Restate every line of the data word for word, except for the images.

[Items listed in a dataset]

▬▬▬▬▬▬▬▬▬▬

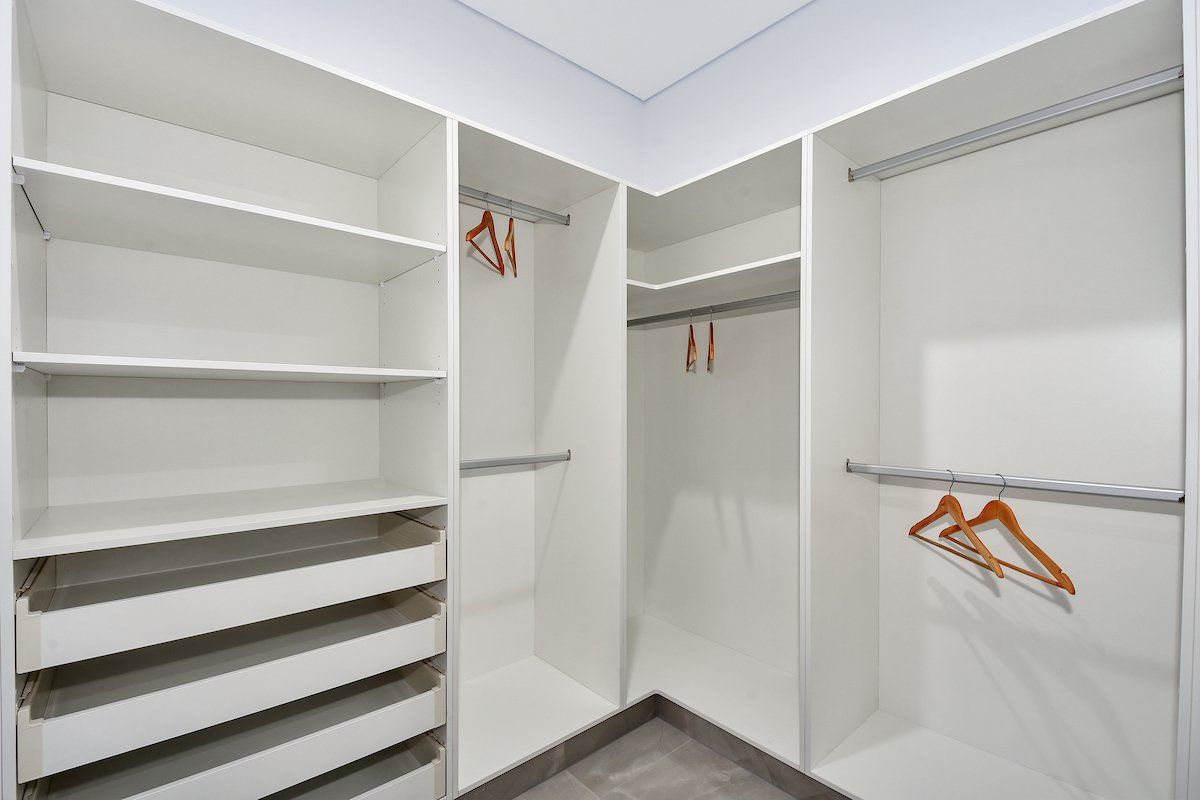 A walk in closet with a lot of shelves and hangers.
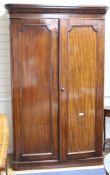 A Victorian mahogany two door wardrobe, W.126cm D.55cm H.201cm Condition: Overall of even rich mid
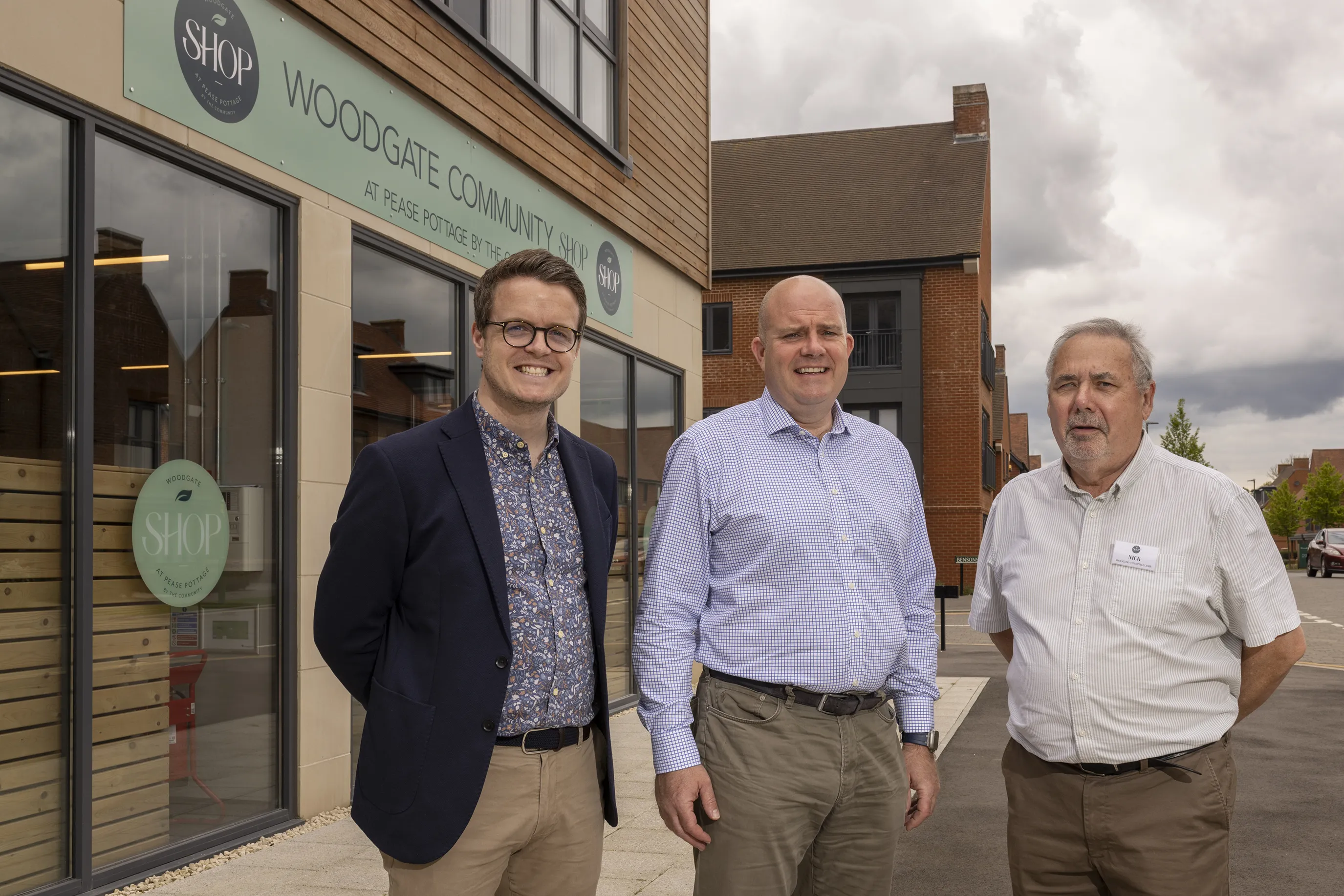 Three people stand smiling outside a brick building with a sign reading “Woodgate Community Shop at Pease Pottage.” The group is dressed in smart-casual clothing, suggesting a celebratory moment, possibly marking the shop’s opening. Modern homes and a cloudy sky appear in the background.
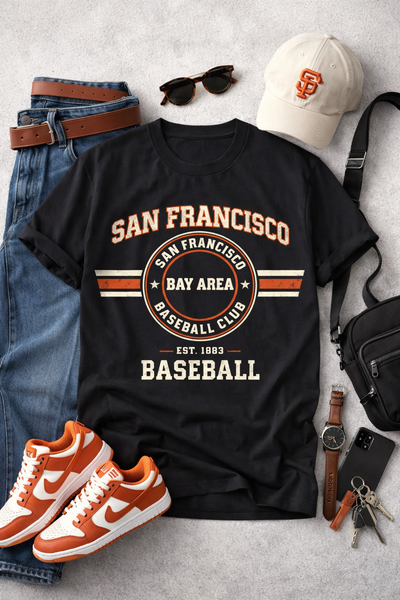 Black t-shirt with 'San Francisco Bay Area Baseball Club' design, paired with jeans, sneakers, a cap, and accessories on a light gray surface.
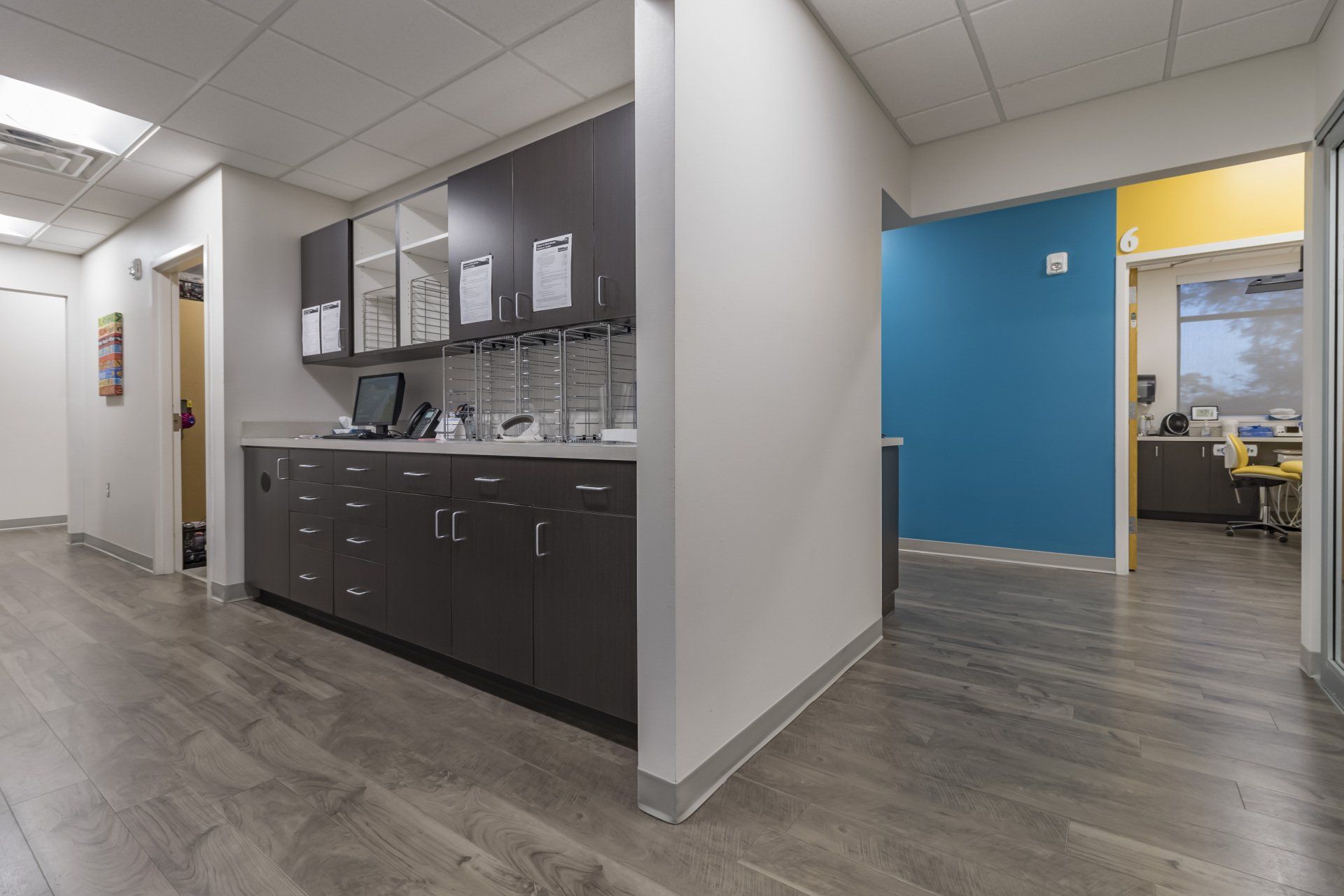 Hallway in a medical office with gray cabinets, a blue wall, and gray flooring.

▬▬▬▬▬▬▬▬▬▬

Final answer
 A walk in closet with a lot of shelves and hangers.
 A Victorian mahogany two door wardrobe, W.126cm D.55cm H.201cm Condition: Overall of even rich mid
 Three people stand smiling outside a brick building with a sign reading “Woodgate Community Shop at Pease Pottage.” The group is dressed in smart-casual clothing, suggesting a celebratory moment, possibly marking the shop’s opening. Modern homes and a cloudy sky appear in the background.
 Black t-shirt with 'San Francisco Bay Area Baseball Club' design, paired with jeans, sneakers, a cap, and accessories on a light gray surface.
 Hallway in a medical office with gray cabinets, a blue wall, and gray flooring.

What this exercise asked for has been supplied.